*** Begin section ***

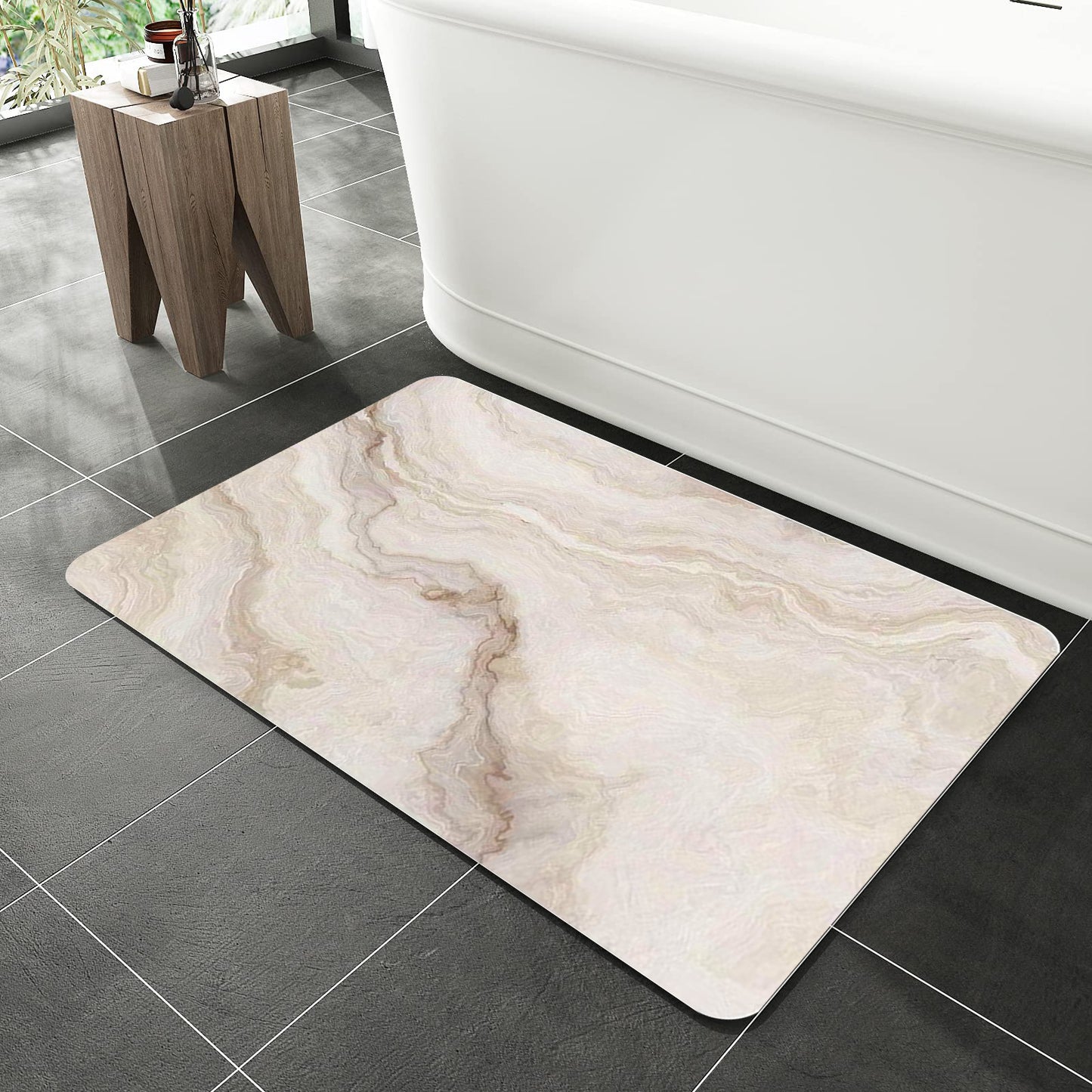 Gogreen Bath Mat - Bathroom Mat Rug Non Slip Super Absorbent Stain Resistant Quick Dry Thin Bathroom Rug-Bath Mats for Bathroom Floor Bathtub Vanity-Bathmat Bath Rug Easy Care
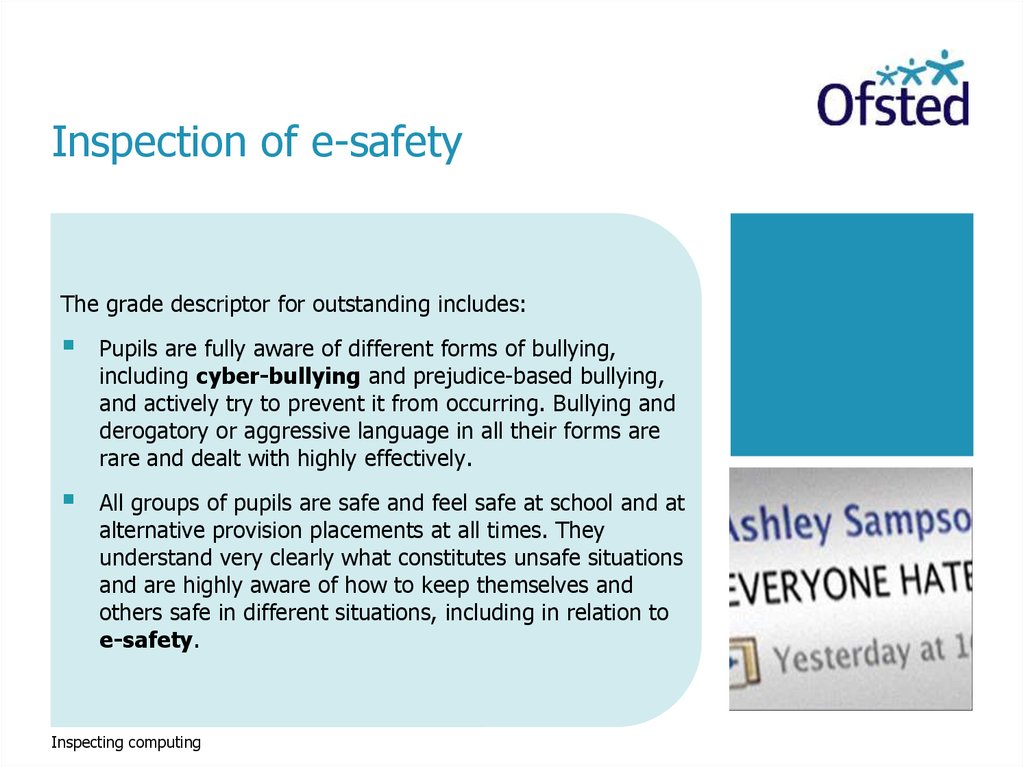 Inspection of e-safety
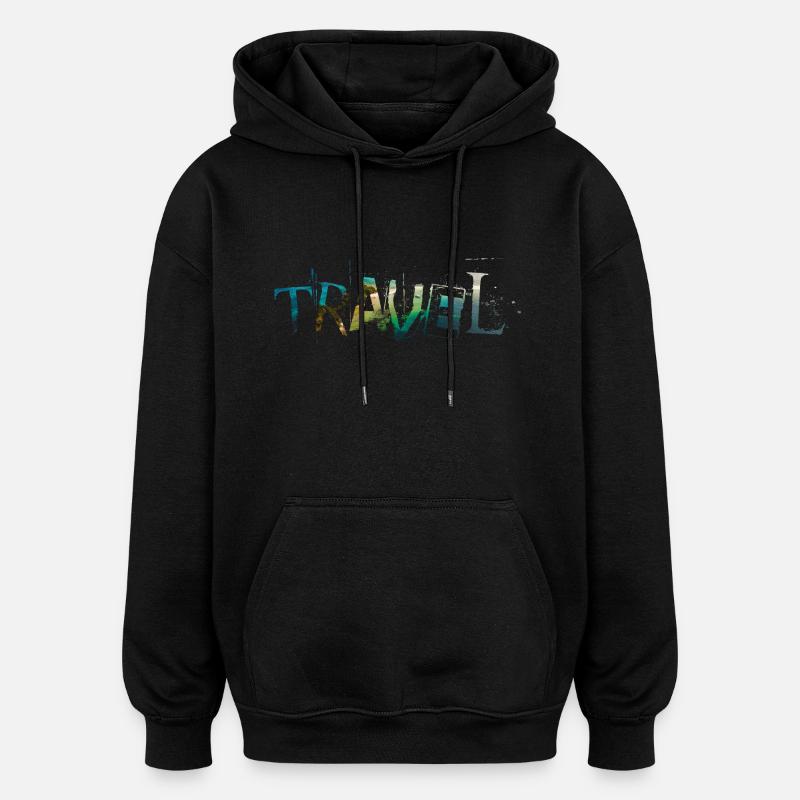 Travel - Sweat à capuche oversize unisexe - noir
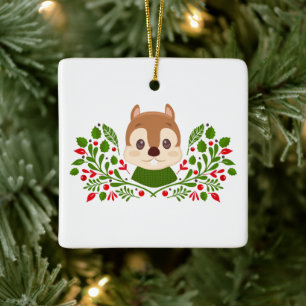 Ornement En Céramique Joli écureuil de Noël ajouter le message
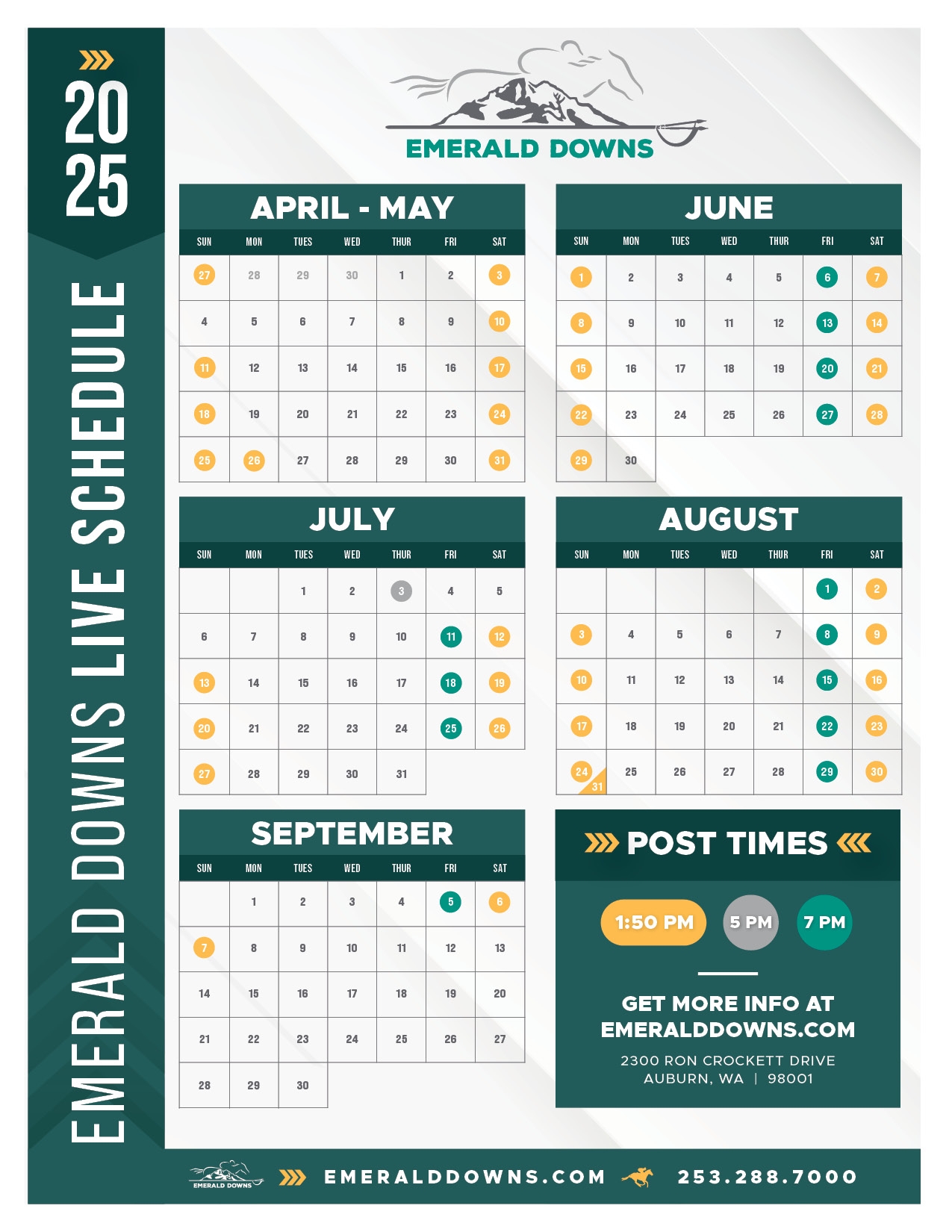 2025 Emerald Downs Dates Announced Emerald Downs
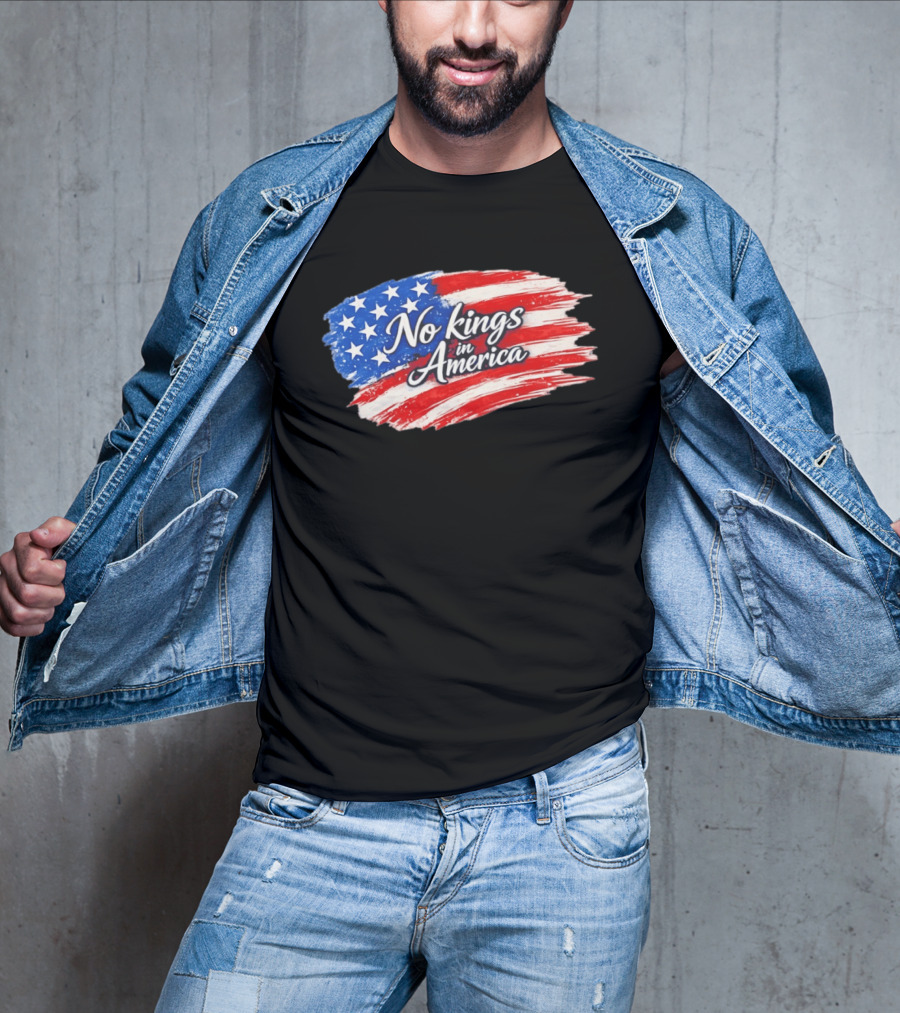 No Kings In America Patriotic Stars And Stripes T-Shirt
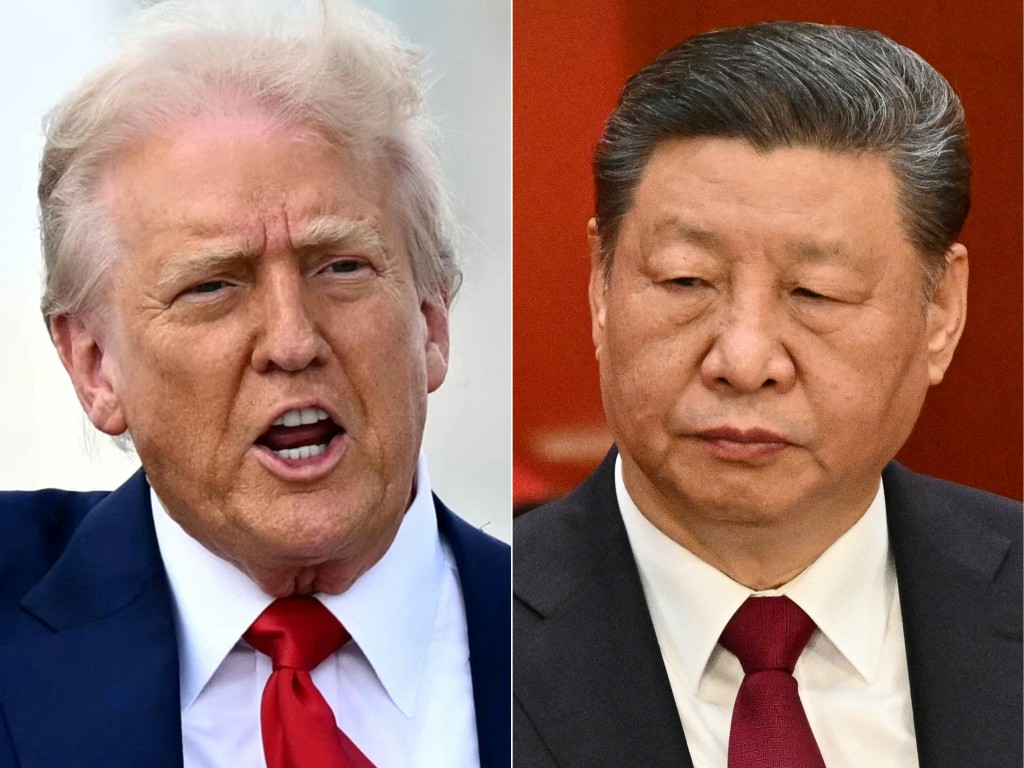 This combination of pictures created on April 04, 2025 shows, L-R, US President Donald Trump in Miami, Florida, on April 3, 2025 and China's President Xi Jinping in Beijing on March 5, 2025. (Photo by Mandel NGAN and Pedro Pardo / AFP)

*** End section ***

### THE PROBLEM
Only the lines from the line with "Ornement En Céramique" through the end of the records belong in your copy. Repeat them exactly, without pictures.

### WRITTEN SOLUTION
 Ornement En Céramique Joli écureuil de Noël ajouter le message
 2025 Emerald Downs Dates Announced Emerald Downs
 No Kings In America Patriotic Stars And Stripes T-Shirt
 This combination of pictures created on April 04, 2025 shows, L-R, US President Donald Trump in Miami, Florida, on April 3, 2025 and China's President Xi Jinping in Beijing on March 5, 2025. (Photo by Mandel NGAN and Pedro Pardo / AFP)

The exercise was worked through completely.